I took a brief trek into my childhood days recently, meandering back in time, climbing up a small hiking path to a white rock at the top of a place in Idyllwild, California, that had some sort of magic or sacredness to it. I recollected the crunch of pebbles against mountain earth beneath my feet, my knees, the feeling of being 11 years old, wide open, and trusting the process, through passages of sweat and naivete. I took the time to try to re-travel that hike from that day, in my mind’s eye, in order to recapture the freshness, the smallness of myself, as well as the places I was and now am in spirit. There was a bit of writing involved as I revisited that moment, and much reflecting, but I found that a side trip with the “memory keeper” was a good idea. It helped re-collect the precious lessons learned at that time and how they translate into this time. It helped me gather some stems of gratitude in my day’s “ordinary” bouquet.

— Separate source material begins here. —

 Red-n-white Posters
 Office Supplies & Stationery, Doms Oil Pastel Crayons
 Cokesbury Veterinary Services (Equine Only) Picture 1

I recommend this. Like staring at clouds, and indulging in moments that others would consider “wasted”, recollecting is making a long term investment in your soul, at least, that’s what I think.

The author, Jamie Sams, once again got me wandering in this delicious direction, and a few words came out of it from my direction:

“In Idyllwild,

was a time we climbed

with scraped kneecaps- tender-boned turtle-shells,

the holy mountain, the white stone, “Skyland”.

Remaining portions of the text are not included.